Mataram (ANTARA) - Pemerintah Kabupaten Lombok Timur, Nusa Tenggara Barat (NTB) menjalin kesepahaman bersama lembaga Majelis Adat Sasak Paer Timuq untuk mengatur tradisi 'nyongkolan' agar tidak mengganggu kenyamanan masyarakat.
"Pengaturan nyongkolan ini dipandang sebagai langkah bersama dalam menjaga kamtibmas dan cara memajukan sektor pariwisata," kata PJ Bupati Kabupaten Lombok Timur HM Juaini Taofik saat acara penandatanganan piagam pengaturan nyongkolan di Lombok Timur, Selasa.
Nyongkolan adalah sebuah tradisi lokal di Lombok, dimana sepasang pengantin di arak beramai-ramai seperti seorang raja menuju rumah pengantin wanita. Kegiatan tradisi nyongkolan yang dilakukan masyarakat saat ini dinilai mengganggu arus lalu lintas, sehingga perlu diatur dalam mewujudkan ketertiban lalu lintas di jalan raya.
"Banyak masyarakat yang senang dan bangga ketika melihat nyongkolan, tetapi ada juga yang mengejar waktu, senang menonton tetapi terlambat sampai tujuan," katanya.
Baca juga: Acara "nyongkolan" biang kemacetan
Oleh karena itu, momen Hari Ulang Tahun (HUT) Adat Sasak ini, dapat terjalin komunikasi yang baik antara pemerintah daerah, aparat TNI-Polri dengan pemangku adat dan masyarakat pengguna Gendang Beleq, sehingga ketertiban di jalan dapat tercipta ketertiban.
"Nyongkolan dan gendang beleq (Musik Tradisional) juga salah satu instrumen yang mampu memajukan sektor pariwisata, namun pola penyajian yang saat ini digunakan dirasa belum optimal," katanya.
Ia mencontohkan mengapa pariwisata di Bali lebih bagus dari NTB padahal dari segi pantai jauh lebih bagus di NTB, dari masyarakat dan kuliner juga tidak kalah.
"Ternyata yang membedakan itu di Bali lebih atraktif dan tertib pagelaran budaya ketimbang di Lombok,” katanya.
Baca juga: Wow kirab pemuda Nusantara di Lombok dimeriahkan tradisi "nyongkolan"
Sehingga regulasi yang dibuat ini setidaknya dapat melestarikan budaya tradisi nyongkolan dan menciptakan keamanan dan kenyamanan di masyarakat dalam mendukung kemajuan sektor pariwisata di Lombok Timur.

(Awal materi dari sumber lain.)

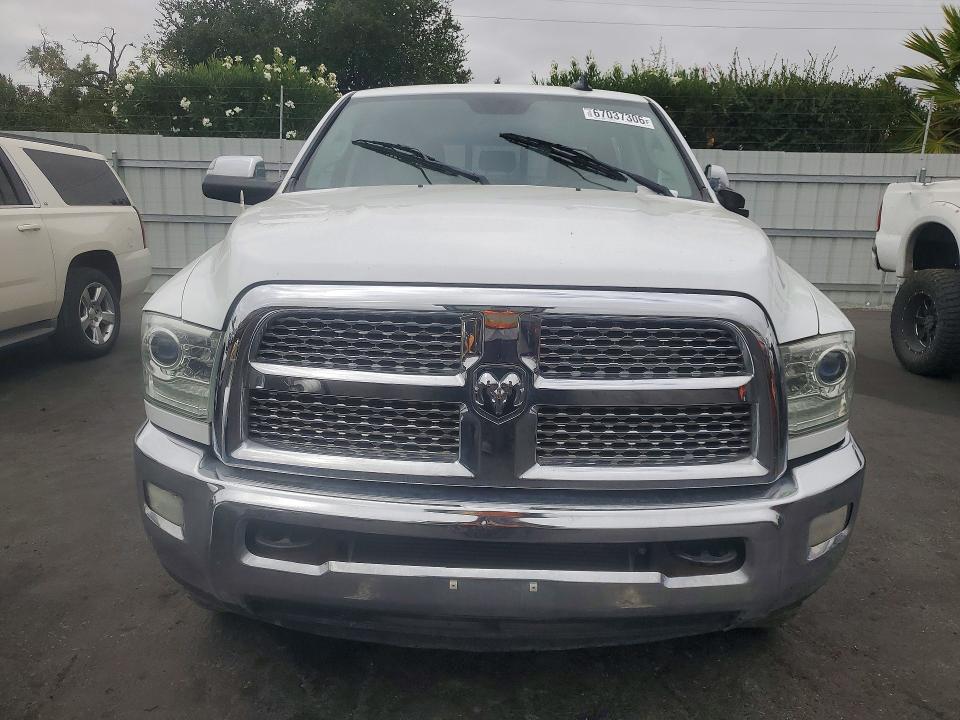 67037306 :رقم المزاد ، 3C63R3MLXFG616826 vin ، 2015 Ram 3500 مزاد بيع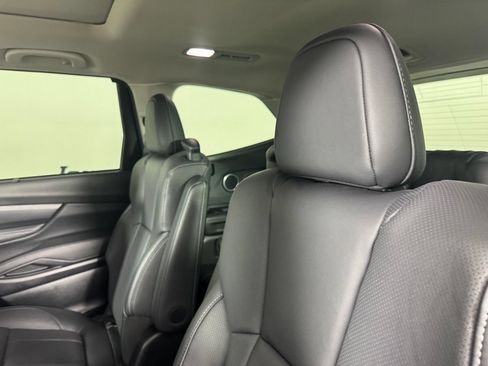 Used 2025 Subaru Ascent Limited w/ Popular Package #1 AWD/4WD image 28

"Tantangan yang dihadapi itu harus bisa diatasi dan meningkatkan pembangunan daerah,” katanya.
Baca juga: PDIP Kritisi Kebijakan Gubernur NTB terkait `Nyongkolan`
Adapun piagam gendang beleq yang ditandatangani bersama berisi tentang aturan adalah patuh terhadap UUD 1945 dan Pancasila, patuh terhadap hukum dan perundang- undangan yang berlaku di Indonesia, patuh kepada Peraturan Daerah Provinsi Nusa Tenggara Barat (NTB) nomor 06 tahun 2021 tentang Pemakaian Jalan Untuk Kepentingan Masyarakat.
Kemudian iringan gendang beleq mulai menabuh dan melangkah maksimal 700 meter ke tempat tujuan acara. Apabila melakukan variasi gendang beleq maksimal dua kali sampai pada tempat tujuan acara, apabila terdengar suara azan terdekat, maka tabuh gendang beleq harus dihentikan.
Menggunakan nada tabuh yang sama jika bertemu dengan sesama gendang beleq lainnya, ketua gendang beleq berkomunikasi dengan kepala aparat pengamanan atau kepolisian.